= Your objective =
A line below contains "Wycieczka klasy 7", and a later one contains "couple enjoying a". Repeat both, with every line between them, exactly.

= Raw data =

● ● ● ●

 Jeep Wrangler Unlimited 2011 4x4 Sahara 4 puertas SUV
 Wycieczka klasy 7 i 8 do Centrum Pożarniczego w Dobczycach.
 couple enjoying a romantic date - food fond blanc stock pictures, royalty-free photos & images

● ● ● ●

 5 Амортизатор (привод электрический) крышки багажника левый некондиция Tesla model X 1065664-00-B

● ● ● ●

= Answer section =
 Wycieczka klasy 7 i 8 do Centrum Pożarniczego w Dobczycach.
 couple enjoying a romantic date - food fond blanc stock pictures, royalty-free photos & images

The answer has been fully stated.